Oh boy, what the hell can I possibly say about The Avengers that won’t already have been uttered by bright-faced fanboys as they make their way through the exit line at the local cinema? This is the big one. Well, sort of. 2012 will be notable in years to come as a year full of big ones. It’s not only host to the first ever major comic book crossover adaptation, but we’ll soon be witness to the final chapter in Christopher Nolan’s Dark Knight trilogy, the extremely long-awaited Alien semi-prequel, Prometheus, and Peter Jackson’s Hobbit adaptation. Oh, and let’s not forget the final chapter of Twilight! (Squeel!) The first of those to hit the big screen though and this year’s big summer kick-off movie was Marvel Studio’s The Avengers. It’s the movie we’ve been waiting for since the fortunate few stayed until after the credits of the first Iron Man to see Samuel L. Jackson show up and talk about the Avengers initiative to Tony Stark.

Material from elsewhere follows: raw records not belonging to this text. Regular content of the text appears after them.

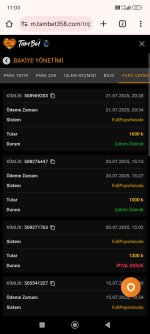 Screenshot_2025-07-22-11-03-18-264_com.android.chrome.jpg
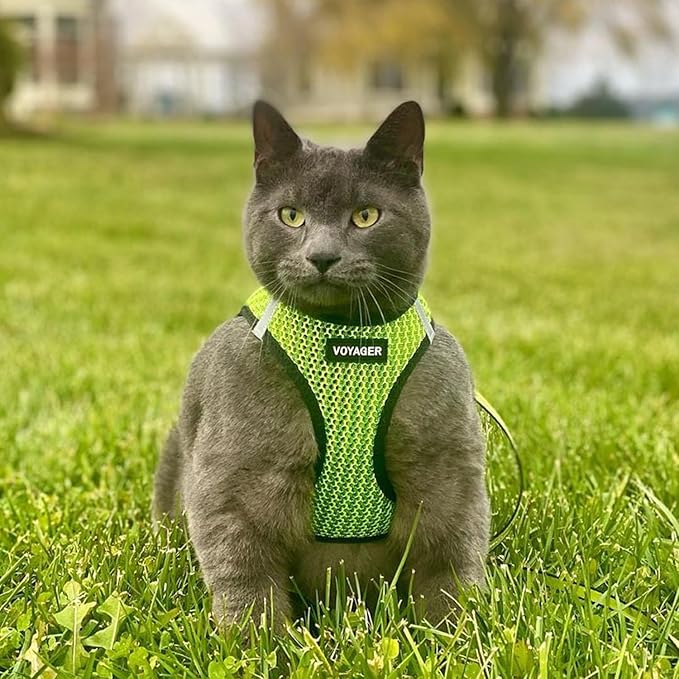 Best Pet Supplies Voyager Step-in Air Harness - All Weather Mesh, Reflective, No Pull Harness for Dogs, Cats - Secure with Hook & Loop Fastener, Buckle, Double D-Rings - Tone, XL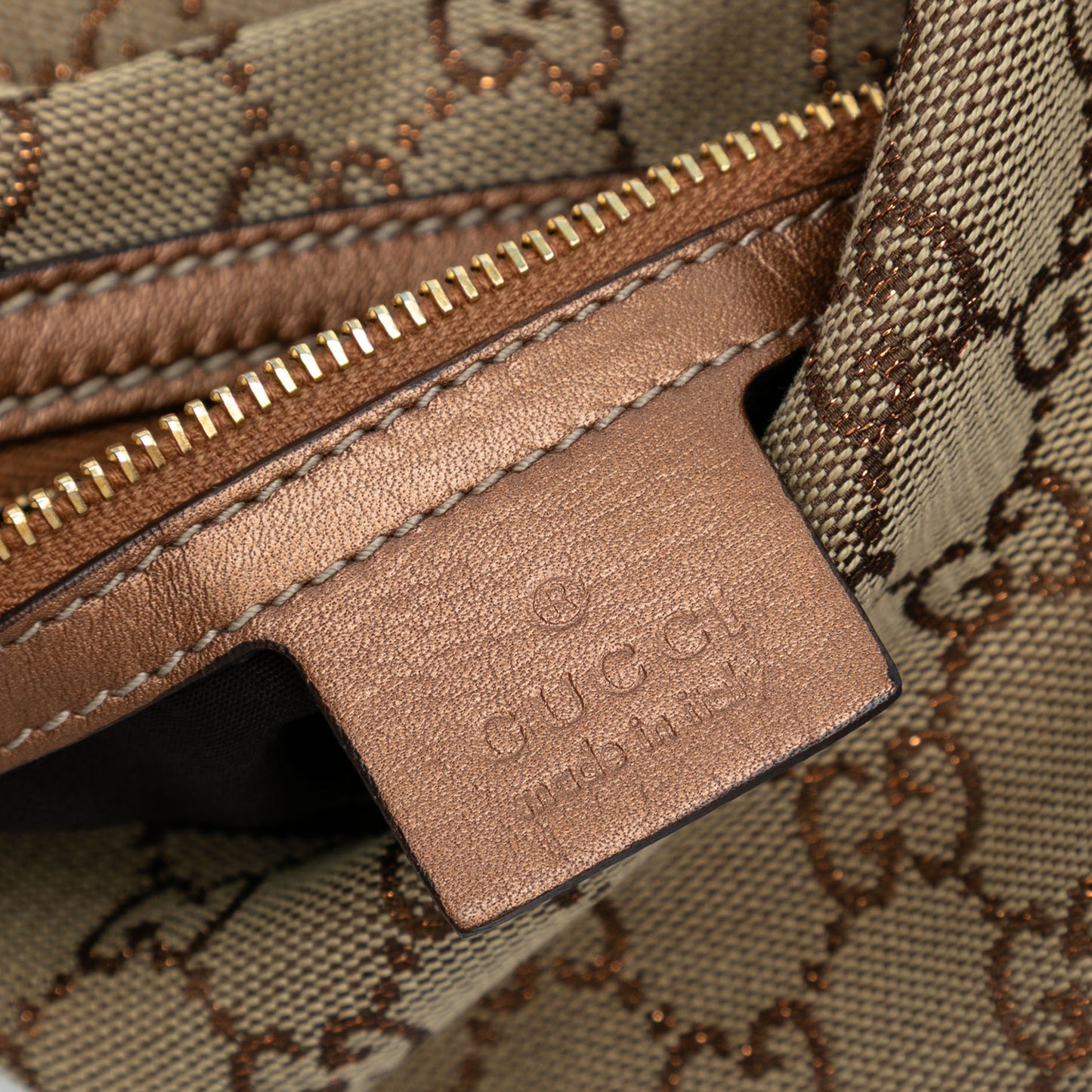 Gucci GG Canvas Twins Hobo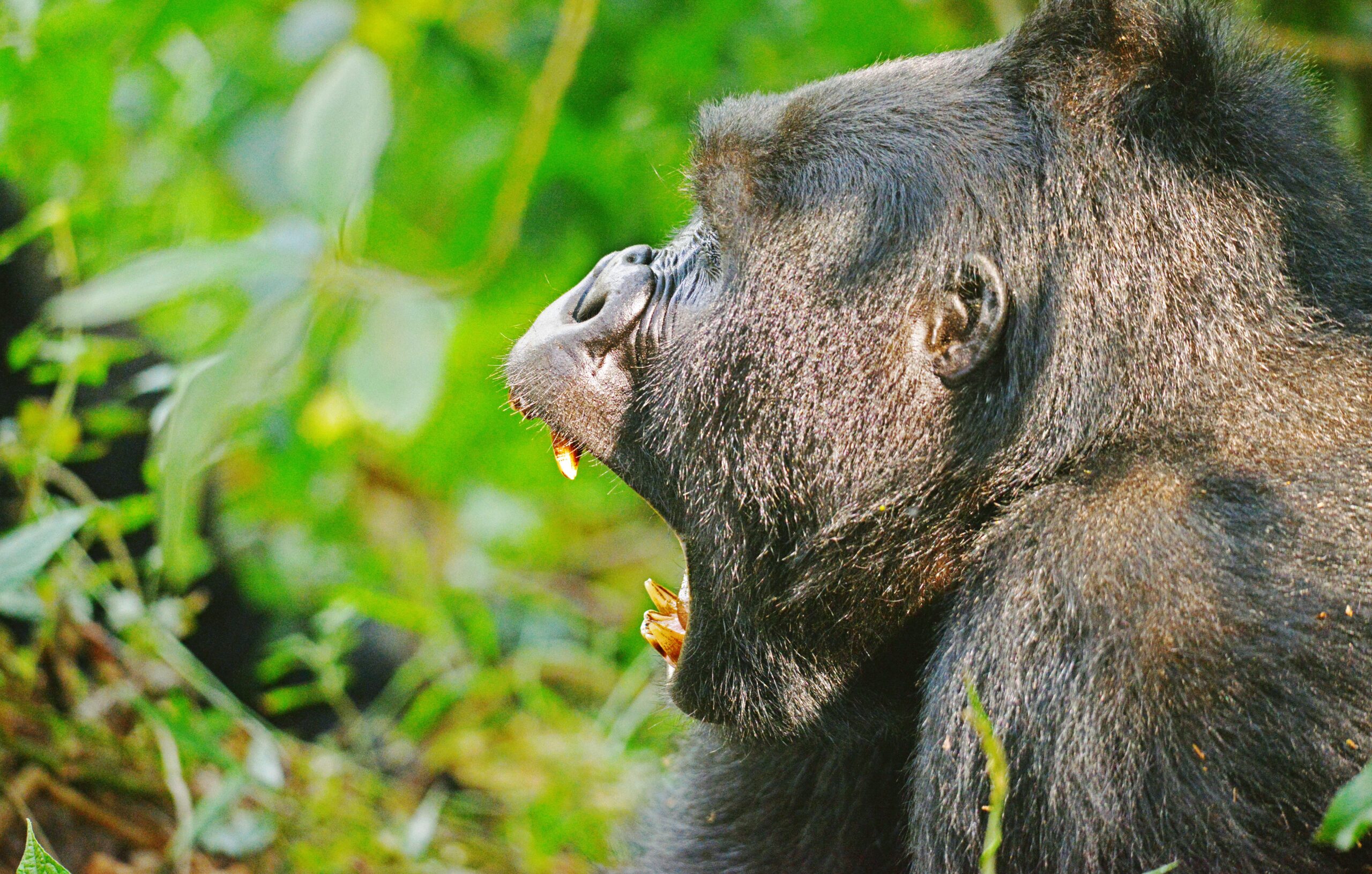 Bwindi Impenetrable National Park Safari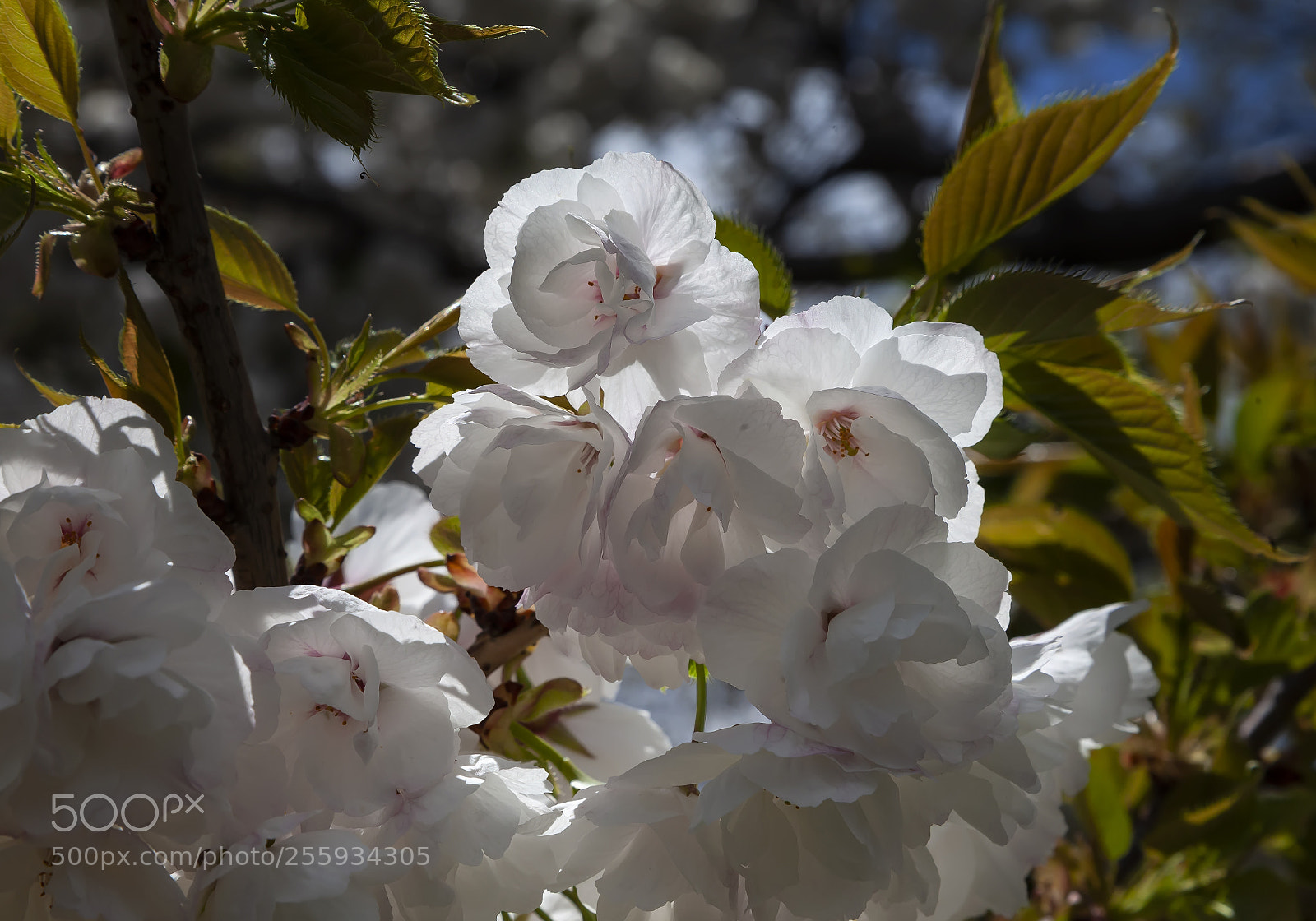 Canon EOS 5D Mark II sample photo. Cherry blossoms photography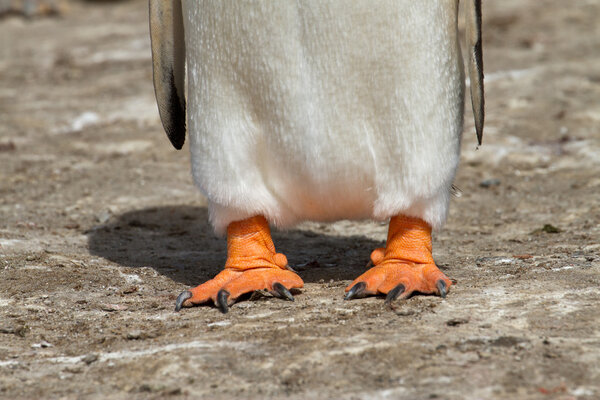 Gentoo penguin feet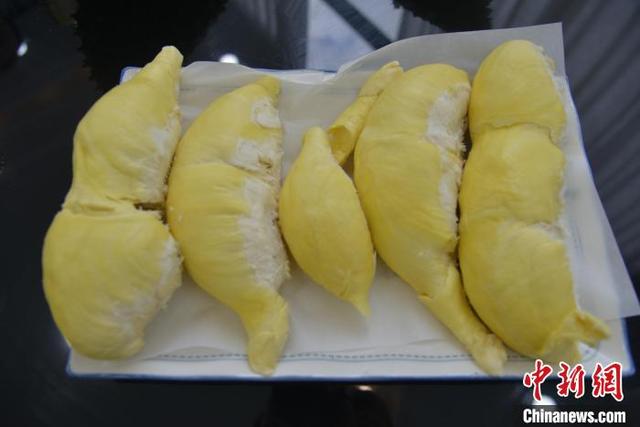 5月14日,海南三亚育才生态区的榴莲种植基地里,极少数榴莲已成熟,果肉饱满。张月和 摄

Then (the extremely underrated) The Incredible Hulk came out a few months later and everyone knew that it was true. It was happening. Marvel was actually tying all of their movies together.
And why shouldn’t they? It was a genius move. After all, their comics all exist in the same universe (well, two universes technically), so why shouldn’t the movies as well? So when Marvel started acquiring the rights to their own heroes and creating an amalgam of movies, people started heralding it as one of the smartest business decisions in the entertainment industry. We all knew it would wind up here too, but we were worried. Who would direct the Avengers movie? How will they have enough screen-time for all the heroes without making it three-and-a-half-hours long? What if the actors are busy with other projects? Etc., etc. Any project this big would incur doubts from fans. After all, we wanted it to be good. You can’t just let Joe Shmoe direct and slap together something quick to sell tickets. So, when I found out Joss Whedon would be directing I was a little skeptical, due to his lack of experience with film directing (his only other movie was 2007’s Serenity, which was entertaining, but bombed in theatres), but I was also excited as Whedon is a veteran comic writer and a big Marvel fan himself. I knew that his script would do the characters justice, even if the directing was sub-par. Then I found out Ed Norton wouldn’t be returning as the Hulk. I was a little saddened, but less so when I found out he was being replaced by Mark Ruffalo.
Well, despite the little bumps along the way, I’m here to say that I loved The Avengers. I genuinely, sincerely loved it. And I’m not going to be one of these people that says, “It’s awesome!” because everyone else says it, then 6 months later says, “Oh, it’s so overrated!” because everyone said it was awesome when it came out. Let’s face it. That happens with every big summer movie. The Dark Knight, anyone? No, I really mean that I love this movie and I’ll still love it 6 months and 6 years from now.
Here’s the paragraph where I tell you why I loved it, but it’s kind of hard to express in a whole paragraph, to be honest. I just loved it. It was entertaining, plain and simple. Not only was Joss Whedo’s script great, but he was on the top of his directing game here too. The pacing was good. The laughs came at all the right times, so did the sad parts. All the characters get ample screen time and character development (especially Mark Ruffalo’s Bruce Banner, which makes me happy as Hulk is my favourite Marvel hero). The performances are all solid. And, of course, the action is tight, intense, and fun and the 3D special effects are dazzling. The Avengers was honestly all the awesome I was hoping for. I don’t think I would have changed a thing. If you’re one of the 38 people who haven’t seen it yet, please do so. Hell, even if you have seen it, go again. It’s worth it.
I give The Avengers 5 briefs out of 5.